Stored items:
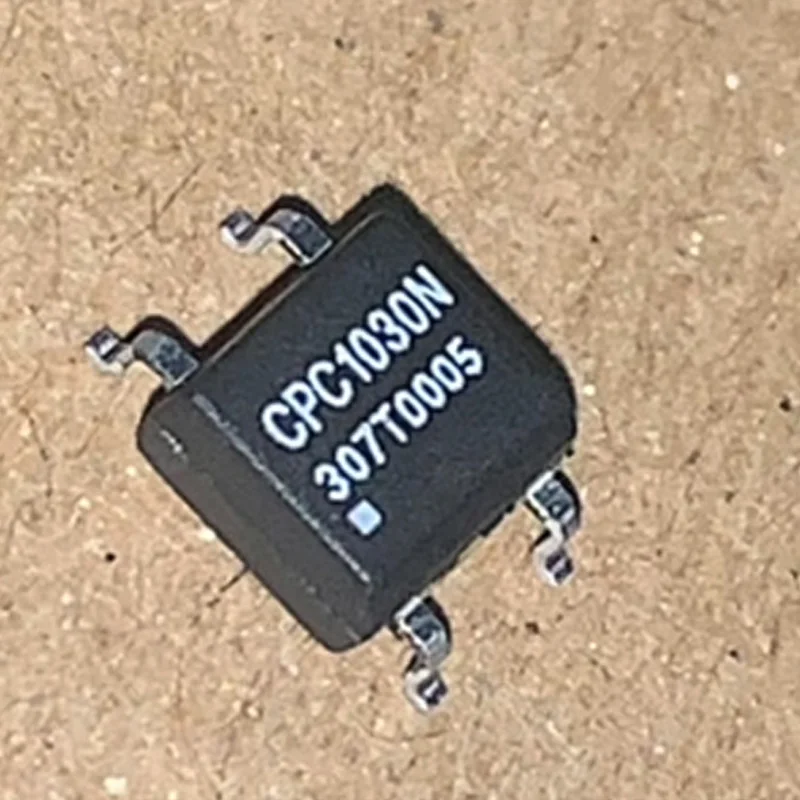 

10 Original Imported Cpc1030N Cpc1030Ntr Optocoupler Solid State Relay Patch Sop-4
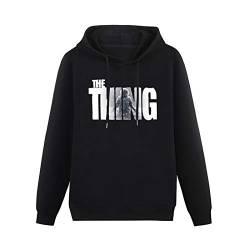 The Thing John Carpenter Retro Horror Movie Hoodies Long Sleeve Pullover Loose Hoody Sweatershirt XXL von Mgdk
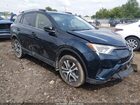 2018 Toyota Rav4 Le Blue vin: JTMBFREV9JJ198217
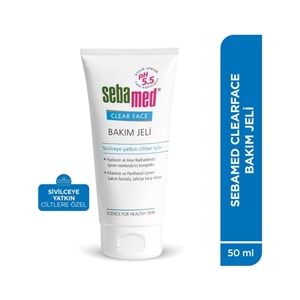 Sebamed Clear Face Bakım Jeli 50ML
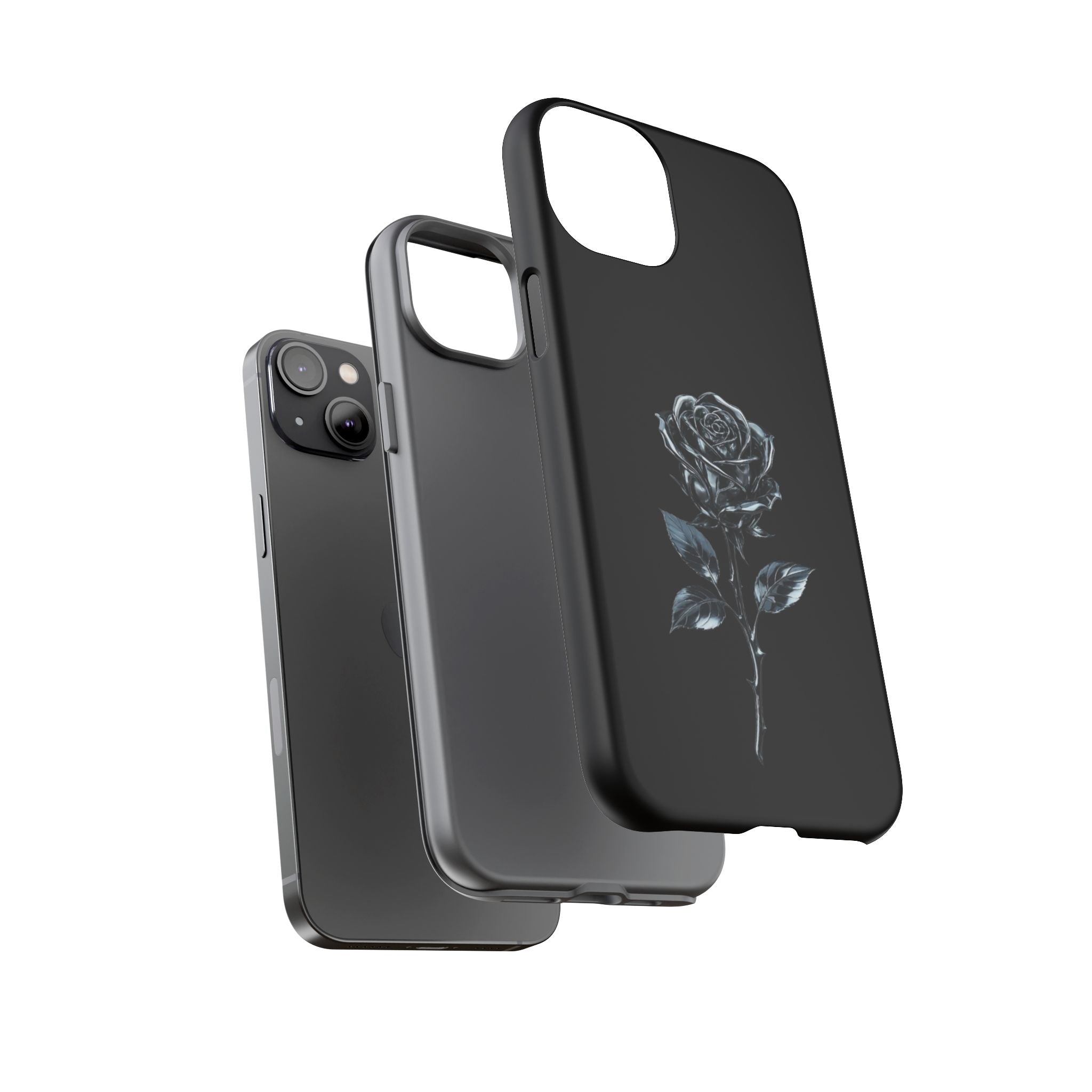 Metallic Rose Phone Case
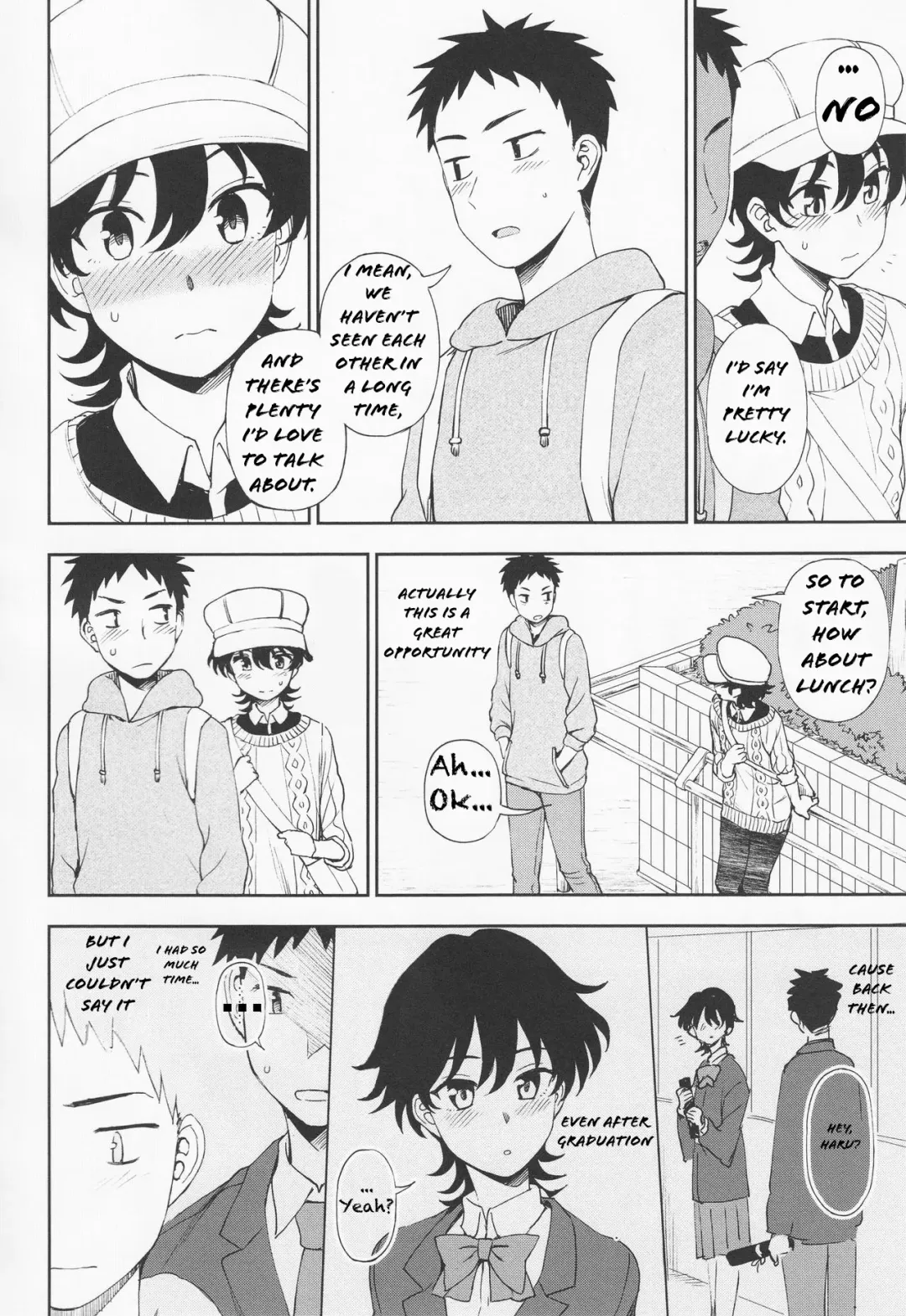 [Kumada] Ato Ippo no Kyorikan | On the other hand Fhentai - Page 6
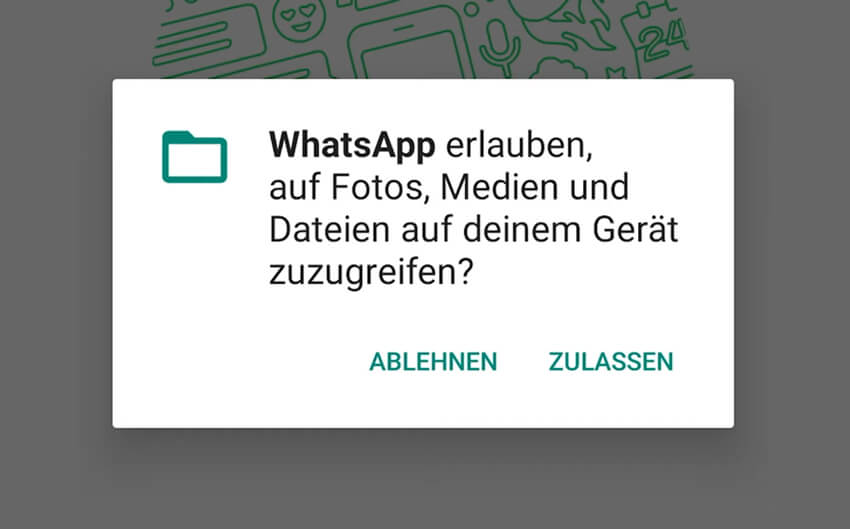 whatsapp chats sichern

**EXERCISE:** For the entries above, the output must hold exactly the lines from the one with "2018 Toyota Rav4" through the last line, both included, and no pictures.

**ANSWER BOX:**
 2018 Toyota Rav4 Le Blue vin: JTMBFREV9JJ198217
 Sebamed Clear Face Bakım Jeli 50ML
 Metallic Rose Phone Case
 [Kumada] Ato Ippo no Kyorikan | On the other hand Fhentai - Page 6
 whatsapp chats sichern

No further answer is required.